As a reminder, these are the requirements for the data:

* each document should be labeled **independently by two group members**

* each group member should annotate **250 documents**

This script will ensure your data meets those criteria.

To get started make sure your dataset:

* has at least 500 documents.
* has **exactly** two columns: **ID** and **text**


Run this notebook to check that your annotated data is in the proper format.  There are two things you need to do:

1. Change this file to point to your data.

In [None]:
path_to_file="500_sampled_quotes.tsv"

2. Now execute the rest of the cells below.  If this throws any errors, or notes any failures, go back and correct your data to be in the proper format.

In [None]:
import random
random.seed(1)
from random import shuffle

def check_file(filename, num_annotators=4):
    num_docs=125*num_annotators
    data=[]
    n_rows=0
    with open(filename, encoding="utf-8") as file:
        for idx, line in enumerate(file):
            cols=line.rstrip().split("\t")
            assert len(cols) == 2, "%s does not have 2 columns" % cols
            assert len(cols[0]) > 0, "ID #%s# in row %s is empty" % (cols[0], idx)
            assert len(cols[1]) > 0, "text #%s# in row %s is empty" % (cols[1], idx)
            n_rows+=1
            data.append((cols[0], cols[1]))

        assert n_rows >= num_docs, "You must have at least %s documents; this file only has %s" % (num_docs, n_rows)
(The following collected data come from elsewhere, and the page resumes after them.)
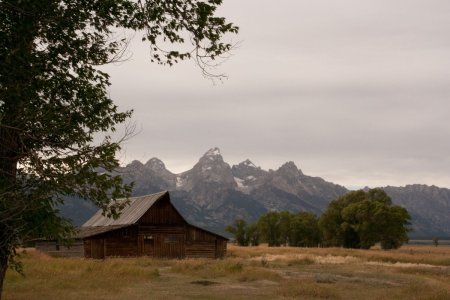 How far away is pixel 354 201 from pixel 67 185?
79191 mm

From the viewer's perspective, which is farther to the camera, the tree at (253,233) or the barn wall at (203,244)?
the tree at (253,233)

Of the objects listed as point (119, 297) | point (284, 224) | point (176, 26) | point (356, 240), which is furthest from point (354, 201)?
point (176, 26)

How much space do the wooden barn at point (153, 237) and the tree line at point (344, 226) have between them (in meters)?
29.3

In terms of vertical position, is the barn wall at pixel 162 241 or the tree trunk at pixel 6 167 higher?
the tree trunk at pixel 6 167

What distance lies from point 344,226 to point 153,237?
3664 cm

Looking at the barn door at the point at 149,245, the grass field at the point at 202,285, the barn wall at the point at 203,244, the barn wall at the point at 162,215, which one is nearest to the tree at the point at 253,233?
the barn wall at the point at 203,244

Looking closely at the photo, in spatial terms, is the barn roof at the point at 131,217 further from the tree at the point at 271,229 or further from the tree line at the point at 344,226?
the tree at the point at 271,229

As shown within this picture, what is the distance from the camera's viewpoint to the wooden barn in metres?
49.9

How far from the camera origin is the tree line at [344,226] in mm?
75312

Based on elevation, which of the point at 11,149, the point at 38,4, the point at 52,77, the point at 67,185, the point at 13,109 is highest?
the point at 38,4

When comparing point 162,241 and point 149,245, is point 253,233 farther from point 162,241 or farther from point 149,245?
point 149,245

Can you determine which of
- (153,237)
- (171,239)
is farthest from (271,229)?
(153,237)

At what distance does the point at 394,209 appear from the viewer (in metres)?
75.6

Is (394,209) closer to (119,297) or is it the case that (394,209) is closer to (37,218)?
(119,297) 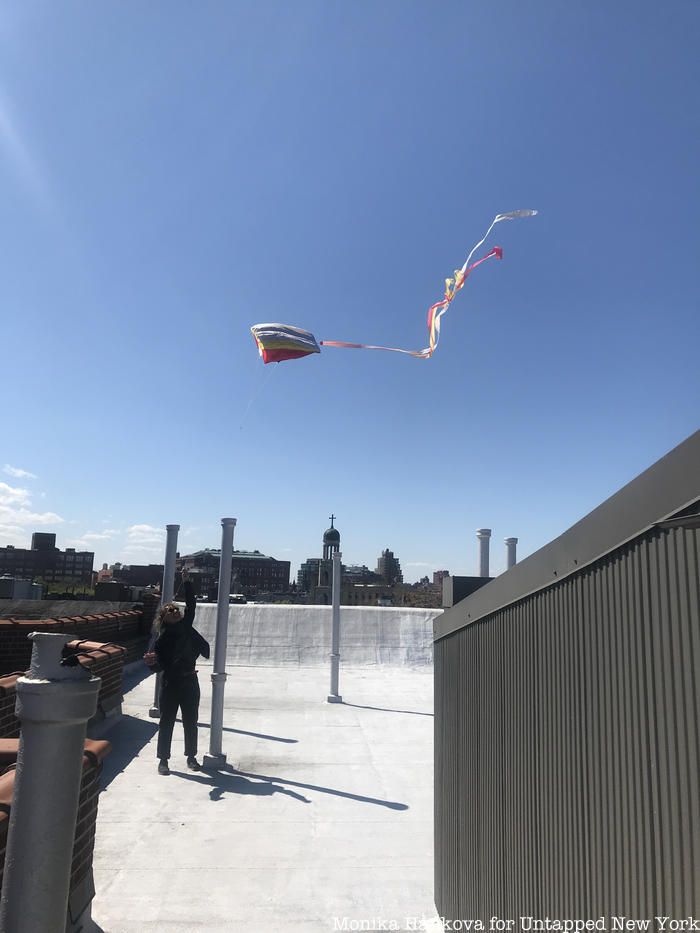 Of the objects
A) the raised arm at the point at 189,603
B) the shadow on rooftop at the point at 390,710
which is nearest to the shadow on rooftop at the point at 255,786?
the raised arm at the point at 189,603

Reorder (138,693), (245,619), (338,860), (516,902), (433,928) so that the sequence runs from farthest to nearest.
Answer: (245,619)
(138,693)
(338,860)
(433,928)
(516,902)

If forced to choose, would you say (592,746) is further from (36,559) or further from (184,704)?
(36,559)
        print("This file looks to be in the correct format; %s data points" % n_rows)


    shuffle(data)
    data=data[:num_docs]
    annotators={}
    annotator_workload={}
    data_assignments={}

    for i in range(num_annotators):
        annotators[i]=[]

    pairs=[]
    for i in range(num_annotators):
        for j in range(i+1, num_annotators):
            pairs.append((i,j))

    indexes=[]
    for i in range(int(num_docs/len(pairs))):
        for p in pairs:
            indexes.append(p)

    if num_annotators == 4:
        indexes.append(pairs[0])  # 0,1
        indexes.append(pairs[-1]) # 2,3

    data2ann={}

    for datum in data:
        data_idx=datum[0]

        idx = random.choice(indexes)

        annotators[idx[0]].append(datum)
        annotators[idx[1]].append(datum)

        indexes.remove(idx)

        data2ann[data_idx]=idx

    for ann_idx in annotators:
        print("annotator", ann_idx, len(annotators[ann_idx]), "data points to annotate")

    for i in annotators:
        with open("output_annotation_file_%s.txt" % i, "w") as out:
            out.write("ID\tLabel\tText\n")

            for idd, text in annotators[i]:
                out.write("%s\t\t%s\n" % (idd, text))




In [None]:
check_file(path_to_file, num_annotators=4)

This file looks to be in the correct format; 1000 data points
annotator 0 250 data points to annotate
annotator 1 250 data points to annotate
annotator 2 250 data points to annotate
annotator 3 250 data points to annotate


# Output

If the cell above ran successfully, you should find `num_annotators` files in the same directory as this script.  Give one file to each annotator in your group; this is the file you should submit to bCourses (with the label column containing your *individual* annotation for that text following your guidelines).